Algo del Evangelio de hoy es una buena oportunidad para animarse a pedir y pedir. Dice así: «Si ustedes me piden algo en mi Nombre, yo lo haré». Pidamos creer, pidamos enamorarnos de Jesús con todas las letras. Pidamos confiar y tener fe, creer en él, creerle a él. Es posible vivir distinto, es posible creer que conocer a Jesús es conocer a Dios Padre. No necesitamos que nos muestren nada más. No necesitamos, como Felipe, que nos muestren más que a Jesús: «¿No crees que yo estoy en el Padre y el Padre está en mí? Las palabras que digo no son mías: el Padre que habita en mí es el que hace las obras». Nuestro Padre del Cielo, aquel que todos anhelamos en nuestro interior, aquel que todos anhelan, aunque no se den cuenta, es el que se manifestó a Jesús, en todo lo que hizo y dijo. Por eso escuchar a Jesús es escuchar a nuestro Papá del Cielo y no deberíamos esperar nada más. La fe sencilla y simple es la que no necesita ni espera nada más que las palabras del Hijo, de Jesús, porque tiene una certeza profunda que nadie podrá quitarle.

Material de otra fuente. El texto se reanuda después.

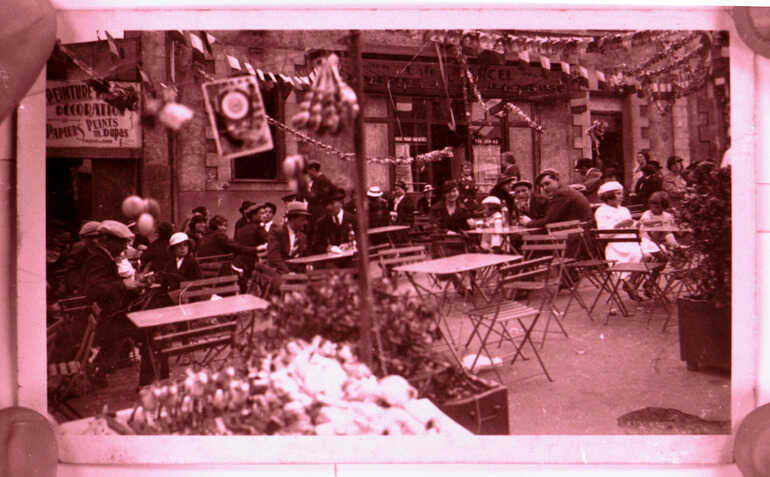 Café Marcel, Chantenay, un 14 juillet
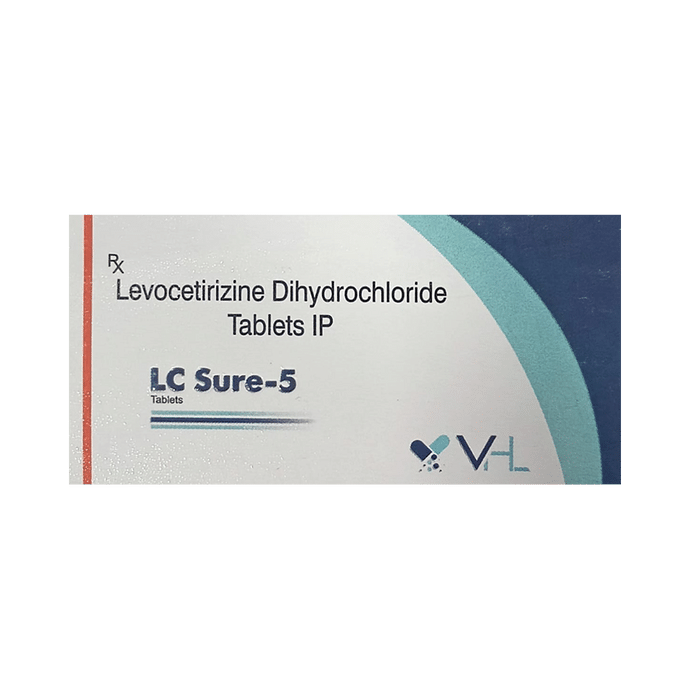 LC-Sure 5mg Tablet    Levocetirizine 5mg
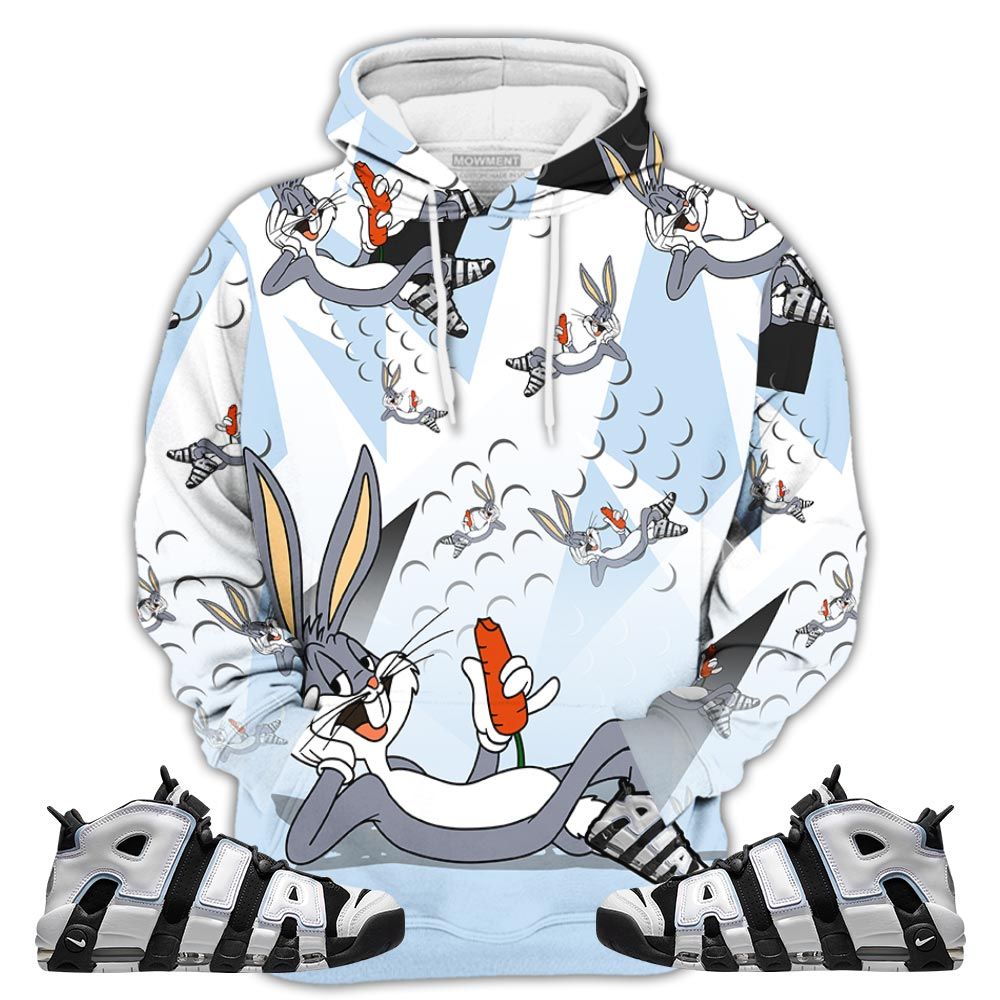 Streetwear Funny Bunny Shoes Sneaker Shirt Match Uptempo Cobalt Bliss, Air More Uptempo Cobalt Bliss Hoodie Sweatshirt Tee All Over Print MKO Shirt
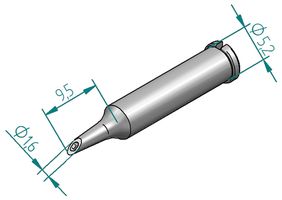 ERSA - 0102WDLF16/SB - 烙铁头 凹形头 1.6MM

Es entendible, como le pasó a Felipe y a los discípulos, que a veces esperemos más de lo que vemos, que necesitemos más manifestaciones visibles, por decirlo de algún modo. Sin embargo, en la medida que creemos y crecemos en la fe, en realidad, nos vamos «conformando», por decirlo de alguna manera, con menos, que en el fondo, es más. El que pretende más de lo que Jesús da, es el eterno insatisfecho, el niño caprichoso que no se conforma con lo que tiene y, por lo tanto, al pedir más se pierde de lo que tiene, de lo que tiene frente a sus narices y su corazón.
En cambio, el que sabe que Jesús es todo, que su palabra lo es todo, que la Eucaristía es todo, que el perdón es todo, tiene todo porque no pretende lo que no puede alcanzar y acepta lo que Jesús quiere darle y aunque pueda, por momentos, aspirar a más –cosa lógica y que ayuda–, se alegra con el ritmo de Dios, con su pedagogía y su paciencia.
Que María nos ayude a enamorarnos más, cada día más, de lo que vale realmente la pena, de Jesús y de su obra, de sus palabras, de su corazón y, por medio de él, del Padre. «¡Enamórate! ¡Permanece en el amor! Todo será de otra manera», decía un sacerdote. Eso es lo que desea María, hoy y siempre. Por eso, por María a Jesús, por Jesús al Padre. El gozo de María es que, gracias a ella, descubramos más y más el amor de su Hijo. El gozo de Jesús es que, gracias a su amor, descubramos el del Padre. Pidamos eso en su Nombre que él nos lo concederá.